There are many factors at play here, Jim Pivarnik, Ph.D., a professor of kinesiology at Michigan State University who studies the effects of exercise on pregnancy, tells SELF. A big one is that you probably haven’t worked out for a while, and it’s tough to jump back in after a break under any circumstance—let alone after you just had a baby.
Your body also went through a lot of changes. For instance, during pregnancy, your body produces a hormone called relaxin that relaxes the ligaments in your pelvis. And it takes time for everything, including hormones, to return to its pre-pregnancy state, Jessica Shepherd, M.D., a minimally-invasive gynecologist at Baylor University Medical Center at Dallas, tells SELF.
If you’re breastfeeding, it’s pretty likely that your boobs have grown, Melissa Goist, M.D., an ob/gyn at The Ohio State University Wexner Medical Center, tells SELF. It's also common to have some bladder leakage after giving birth, she says, which can possibly happen in the middle of a workout.
Your center of gravity had also changed, Dr. Pivarnik points out. It slowly shifts during pregnancy as your belly grows, and then changes again once the baby vacates the premises—so don't be shocked if your balance is off. And then there’s the fact that you lost a bunch of weight at once when you had your baby. “You maybe lost 15 pounds in one day,” Dr. Pivarnik says. “That’s a big change, and your body has to adjust to that.”
Add it all up and it's not surprising that your body might feel a little off when you're trying to get back into your workouts.
You don’t need to wait that long to work out after you give birth, as long as you’re up for it and your delivery was uncomplicated.
Although many people are told to wait a few weeks before working out again, if your pregnancy was healthy and you had an uncomplicated vaginal delivery, it's fine to start exercising again a few days after you give birth, according to the American College of Obstetricians and Gynecologists (ACOG). Of course, that’s provided you actually feel up for it, and it’s completely understandable if you don’t at that point.
People who had a C-section or complications should talk to their doctor about when it’s safe to work out again, ACOG says.
Take it slow when you start exercising again—and don't get discouraged if you're not where you want to be.

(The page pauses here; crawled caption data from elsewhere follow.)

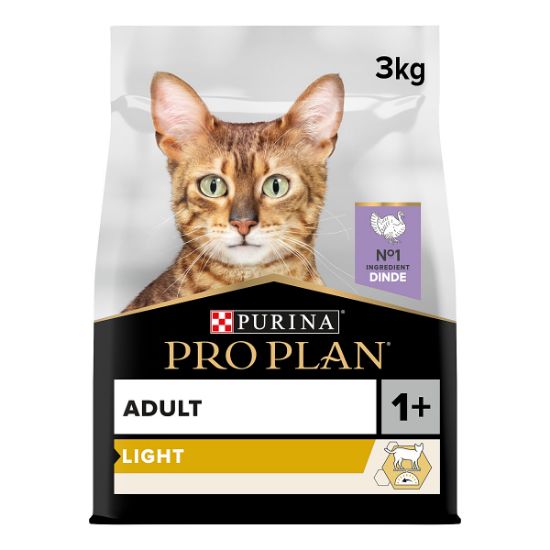 Croquettes chat adulte Purina Pro Plan Light dinde – 3 kg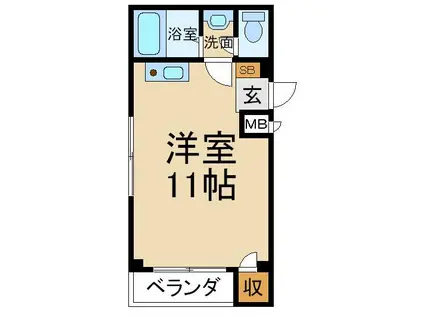 松屋町ハイツ(ワンルーム/4階)の間取り写真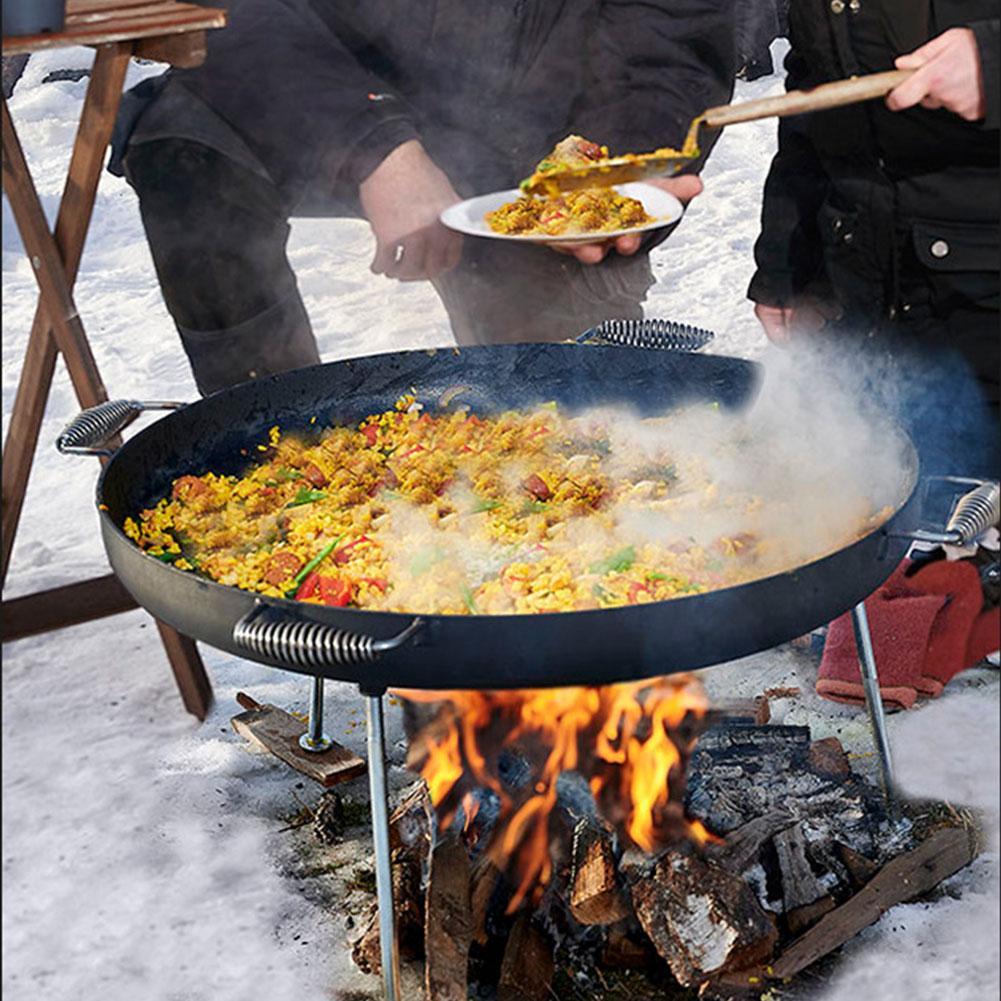 Foldable Campfire Stand Camping Bonfire Cooking Stand Portable Outdoor Grill Rack Steel Open Fire Tripod For Picnic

You may have to start by adjusting your expectations. Doing something intense (like Murph challenge at CrossFit) is just not realistic right after you just had a baby. But there’s also a higher-than-usual risk that you’ll injure yourself due to your relaxed postpartum ligaments, Dr. Goist says. ”The body is not back to normal until six to 10 weeks post-delivery,” she says, which is why you really should ease into it.
When you do start exercising, ACOG recommends aiming to stay active for 20 to 30 minutes a day and doing simple exercises that strengthen major muscle groups, like your abs and back muscles, before ramping up to more intense exercises. If you went pretty hard at the gym before your pregnancy or you’re a competitive athlete, ACOG still recommends working up to more intense exercises versus going all-in at once.
The Mayo Clinic recommends starting slowly and increasing your pace gradually (it can be as low impact as walking), making sure to take time for warm ups and cool downs. Take a break if you feel any pain. It's also crucial to make sure you get enough water and to wear supportive clothing to stay comfortable. Yes, these are good tips for working out at any point in your life, but they are especially important when starting or returning to your workouts after giving birth.
If you love working out and can’t wait to dive back in (carefully!), go for it. “The mental break and the physical exertion for many moms is welcome and exhilarating,” Dr. Goist says. Just be kind to yourself, take it gradually, and understand that it’s probably going to take some time to get back to where you were, Dr. Shepherd says. And, if you can't even think about exercising at this point, that's fine, too.
As with everything else in regards to your pregnancy, do what makes the most sense for you.